Y fue una muestra de orgullo absolutamente positiva. “Casi milagrosamente no hubo violencia”, observó un periodista italiano. No fue un milagro; simplemente no hubo violencia porque no se gritó contra nadie. Ya lo dijimos; a lo sumo se gastaron bromas a los rivales ocasionales: “El que no salta es un holandés”, por ejemplo.
Incidentalmente, cuando el lunes siguiente a la finalización del campeonato, nutridos grupos de estudiantes pasaron frente al Banco Holandés Unido, en la calle Florida, no faltaron quienes quiesieron hacer saltar a un elegante y grave señor que salía de esa institución: “Lo siento -respondió el hombre- no puedo saltar porque efectivamente soy holandés”. Nadie sabe que podría haber ocurrido en otras latitudes ante tal respuesta. Aquí lo aplaudieron.
Un par de semanas antes, después del partido en que Italia venció a la selección argentina, un grupo de “hinchas” del vencedor que habían venido de la Península y se dirigían hacia el omnibus que los transportaría al hotel fueron aplaudidos por un importante sector de los espectadores argentinos.
Sin duda, como pasó en Alemania, como pasa en todos los países que cuentan con equipos de primer nivel, el público argentino ayudó con su apoyo a su equipo. Ese apoyo moral -y consecuentemente, la falta de apoyo que inversamente sufrieron sus rivales- seguramente influyó en los triunfos de la Selección Nacional.
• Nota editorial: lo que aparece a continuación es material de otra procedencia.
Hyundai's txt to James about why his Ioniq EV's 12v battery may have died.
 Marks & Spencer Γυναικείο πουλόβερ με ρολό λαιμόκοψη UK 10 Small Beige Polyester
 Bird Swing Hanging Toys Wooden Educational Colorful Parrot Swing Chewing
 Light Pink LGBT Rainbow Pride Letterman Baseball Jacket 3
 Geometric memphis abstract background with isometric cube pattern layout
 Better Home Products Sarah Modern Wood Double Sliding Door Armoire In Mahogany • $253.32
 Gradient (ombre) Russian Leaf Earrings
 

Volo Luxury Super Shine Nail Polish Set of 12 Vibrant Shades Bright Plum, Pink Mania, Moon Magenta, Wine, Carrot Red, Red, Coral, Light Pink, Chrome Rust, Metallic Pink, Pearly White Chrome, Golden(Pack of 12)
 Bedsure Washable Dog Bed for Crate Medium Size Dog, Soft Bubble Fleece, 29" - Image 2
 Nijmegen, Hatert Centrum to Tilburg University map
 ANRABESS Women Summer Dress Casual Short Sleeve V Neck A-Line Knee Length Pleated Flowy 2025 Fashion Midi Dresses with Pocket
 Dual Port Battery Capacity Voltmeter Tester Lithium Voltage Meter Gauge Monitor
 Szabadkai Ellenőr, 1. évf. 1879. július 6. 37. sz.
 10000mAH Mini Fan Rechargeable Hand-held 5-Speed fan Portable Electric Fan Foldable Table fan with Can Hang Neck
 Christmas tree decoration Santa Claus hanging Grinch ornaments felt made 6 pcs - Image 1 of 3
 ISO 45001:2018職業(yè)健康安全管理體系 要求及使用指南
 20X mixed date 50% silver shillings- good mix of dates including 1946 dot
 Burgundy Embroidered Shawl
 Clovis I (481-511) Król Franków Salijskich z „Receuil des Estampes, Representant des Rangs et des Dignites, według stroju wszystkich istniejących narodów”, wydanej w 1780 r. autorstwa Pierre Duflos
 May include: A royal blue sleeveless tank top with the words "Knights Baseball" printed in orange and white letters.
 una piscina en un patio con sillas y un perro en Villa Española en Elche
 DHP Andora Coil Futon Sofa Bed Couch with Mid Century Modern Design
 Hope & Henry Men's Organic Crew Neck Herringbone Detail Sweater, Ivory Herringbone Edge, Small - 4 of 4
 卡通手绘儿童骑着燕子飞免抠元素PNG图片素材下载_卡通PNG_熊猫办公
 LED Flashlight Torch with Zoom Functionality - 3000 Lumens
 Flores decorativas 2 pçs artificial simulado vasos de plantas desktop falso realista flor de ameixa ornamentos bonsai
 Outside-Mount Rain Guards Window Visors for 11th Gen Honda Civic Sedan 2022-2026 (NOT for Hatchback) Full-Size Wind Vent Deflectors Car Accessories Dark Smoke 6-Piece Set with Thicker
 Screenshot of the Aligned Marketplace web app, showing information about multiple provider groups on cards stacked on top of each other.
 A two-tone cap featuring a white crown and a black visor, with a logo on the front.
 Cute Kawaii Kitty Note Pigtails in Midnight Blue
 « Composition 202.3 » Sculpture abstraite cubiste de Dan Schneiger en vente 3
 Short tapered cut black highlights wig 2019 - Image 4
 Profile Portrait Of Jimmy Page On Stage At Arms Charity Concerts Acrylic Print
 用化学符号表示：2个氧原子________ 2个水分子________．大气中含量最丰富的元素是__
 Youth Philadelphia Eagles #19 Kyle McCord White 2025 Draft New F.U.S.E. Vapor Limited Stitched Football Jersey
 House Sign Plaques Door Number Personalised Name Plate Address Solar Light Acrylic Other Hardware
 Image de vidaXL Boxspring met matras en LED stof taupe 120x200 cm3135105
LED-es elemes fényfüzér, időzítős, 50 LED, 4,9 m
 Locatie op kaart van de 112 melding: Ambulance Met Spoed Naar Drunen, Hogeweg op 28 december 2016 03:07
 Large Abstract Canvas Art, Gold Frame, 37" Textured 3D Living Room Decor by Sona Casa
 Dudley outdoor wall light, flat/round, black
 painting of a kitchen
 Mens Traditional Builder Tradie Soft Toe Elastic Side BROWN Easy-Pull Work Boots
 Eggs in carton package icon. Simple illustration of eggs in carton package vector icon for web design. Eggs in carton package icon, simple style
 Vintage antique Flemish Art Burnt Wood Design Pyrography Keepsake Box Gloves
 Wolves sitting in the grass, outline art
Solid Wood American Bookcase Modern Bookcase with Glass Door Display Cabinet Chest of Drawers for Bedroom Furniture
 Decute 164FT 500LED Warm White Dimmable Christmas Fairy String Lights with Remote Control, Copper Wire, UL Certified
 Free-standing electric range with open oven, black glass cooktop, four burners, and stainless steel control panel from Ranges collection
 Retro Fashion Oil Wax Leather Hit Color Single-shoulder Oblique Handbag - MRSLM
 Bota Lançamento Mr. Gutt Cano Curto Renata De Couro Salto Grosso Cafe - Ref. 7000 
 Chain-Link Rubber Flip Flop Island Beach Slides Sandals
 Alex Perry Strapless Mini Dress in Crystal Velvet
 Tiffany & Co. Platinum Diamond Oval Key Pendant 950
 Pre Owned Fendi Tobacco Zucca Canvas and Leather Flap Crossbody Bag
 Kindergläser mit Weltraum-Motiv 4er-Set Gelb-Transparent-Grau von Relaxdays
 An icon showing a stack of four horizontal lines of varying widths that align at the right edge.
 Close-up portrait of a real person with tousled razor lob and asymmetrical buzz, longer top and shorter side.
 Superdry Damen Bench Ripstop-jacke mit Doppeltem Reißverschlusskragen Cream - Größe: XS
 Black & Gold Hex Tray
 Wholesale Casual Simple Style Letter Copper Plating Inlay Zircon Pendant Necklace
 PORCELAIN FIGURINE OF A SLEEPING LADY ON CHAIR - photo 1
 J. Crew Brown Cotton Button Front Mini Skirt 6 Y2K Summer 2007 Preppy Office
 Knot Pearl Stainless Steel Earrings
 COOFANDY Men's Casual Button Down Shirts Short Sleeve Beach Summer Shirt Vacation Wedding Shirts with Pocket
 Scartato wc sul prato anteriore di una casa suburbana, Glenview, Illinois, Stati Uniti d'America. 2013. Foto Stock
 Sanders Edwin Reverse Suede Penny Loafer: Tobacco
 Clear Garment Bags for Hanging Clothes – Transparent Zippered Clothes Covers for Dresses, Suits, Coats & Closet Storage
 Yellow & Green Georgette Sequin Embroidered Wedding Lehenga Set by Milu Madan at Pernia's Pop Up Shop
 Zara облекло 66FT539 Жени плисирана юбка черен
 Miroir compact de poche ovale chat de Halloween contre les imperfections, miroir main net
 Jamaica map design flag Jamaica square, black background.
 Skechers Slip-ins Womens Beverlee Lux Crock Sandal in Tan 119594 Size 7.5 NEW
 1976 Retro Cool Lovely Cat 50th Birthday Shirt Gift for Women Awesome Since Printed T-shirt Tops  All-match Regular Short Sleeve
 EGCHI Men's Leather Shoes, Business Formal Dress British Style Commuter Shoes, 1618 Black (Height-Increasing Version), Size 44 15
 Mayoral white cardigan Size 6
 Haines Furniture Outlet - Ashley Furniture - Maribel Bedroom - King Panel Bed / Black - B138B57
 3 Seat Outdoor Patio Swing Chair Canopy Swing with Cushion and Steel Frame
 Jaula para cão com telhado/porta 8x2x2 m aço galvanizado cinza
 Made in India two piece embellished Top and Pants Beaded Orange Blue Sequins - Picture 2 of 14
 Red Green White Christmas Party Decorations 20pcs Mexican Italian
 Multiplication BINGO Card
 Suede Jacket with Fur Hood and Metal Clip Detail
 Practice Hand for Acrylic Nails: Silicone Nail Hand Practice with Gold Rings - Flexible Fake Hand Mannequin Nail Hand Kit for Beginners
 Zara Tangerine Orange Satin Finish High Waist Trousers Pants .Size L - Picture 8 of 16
Y también en ese sentido el Campeonato Mundial fue un triunfo de todos los argentinos.
¿Qué más vieron los extranjeros, los periodistas, que aprovecharon el Campeonato para conocer a este país, el más austral del mundo? Sin duda, un país pujante, que busca su destino bajo el sol. Algunos aspectos se pueden apreciar en las notas de esta revista. Pero lo más importante puede sintetizarse en esta frase: un pueblo con vocación de ganador.